Listen to your life.
See it for the fathomless mystery that it is.
In the boredom and pain of it
no less than in the excitement and gladness:
touch, taste, smell your way to the holy and hidden heart of it
because in the last analysis all moments are key moments,
and life itself is grace.*
(Frederick Buechner)
“Mandala” is the Sanskrit word for “circle,” but a circle that is coordinated or symbolically designed so that it has the meaning of cosmic order. When composing mandalas, you are trying to coordinate your personal circle with the universal circle. […] Making a manual is a discipline for pulling all those scattered aspects of your life together, for finding a centre and ordering yourself to it. You try to coordinate your circle with the universal circle.**
(Joseph Campbell)
We live in a time of flux, having moved away from ancient paths that have guided our ancestor’s lives and only beginning to find new ones. Add to this the speed and complexity of change that previous generations could not have imagined and we can be left feeling disconnected from ourselves, others, the world and something larger.

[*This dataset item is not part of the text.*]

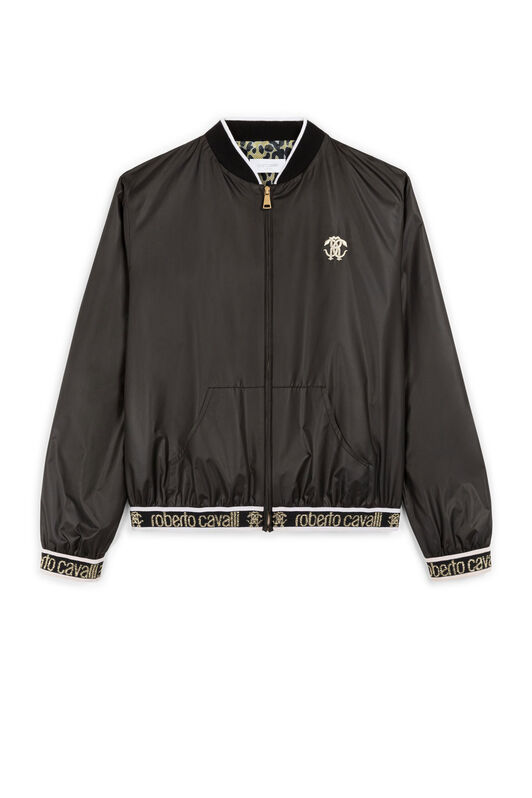 JU RC Monogram-Embroidered Bomber Jacket BLACK KJT400-SB081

I don’t see these paths, what have been traditionally labeled spiritual disciplines, as linear but as patterns. Some words from Ed Schein on an industrial accident ring true for our personal lives:
‘The problem is that in a [linear] search for a root cause, the organisation is likely to overlook that the situation just before the accident was a complex, messy one and there generally is no root cause, only an unfortunate combination of circumstances.’^
With such complexity and randomness at play, we require patterns of thinking, feeling and doing that allow us to be more than a force to meet these – as Frederick Buechner intimates in our opening words for today. Patterns provide us with adaptive advantage.
We need to understand how those who have gone before us were not expressing something we don’t need now, but, in their own ways expressing something we all need as humans – perhaps more so than ever. Bruce Chatwin shares about the the Aboriginal Australians’ ancient longlines:
‘[Arkady Volchok] went on to explain how each totemic ancestor, while travelling through the country, was thought to have scattered a trail of words and musical notes along the line of his his footprints, and how these Dreaming-tracks lay over the land as “ways” of communication between the most far-flung tribes. “A song,” he said, was both map and direction-finder. Providing you knew the song, you could always find your way across country.’^^
Country … life … times … complexity. There are ways of finding our way. Those who have gone before have left us clues to help us. Chatwin continues:
‘Aboriginals could not believe the country existed until they could see and sing it – just as in the Dreamtime, the country had not existed until the Ancestors sang it.’^^
Which feels like connecting with the universal circle, something each generation must be creative in doing, and which is helpful for every person up to a point, but when complemented by an individual’s personal “recreating the creation,” this becomes even more powerful.
(*Frederick Buechner, quoted in the Northumbria Community‘s Morning Prayer.)
(**From Jospeh Campbell and Bill Moyers’ The Power of Myth.)
(^From Edgar Schein’s Humble Consulting.)
(^^Arkady Volchok, quoted in Bruce Chatwin’s The Songlines.)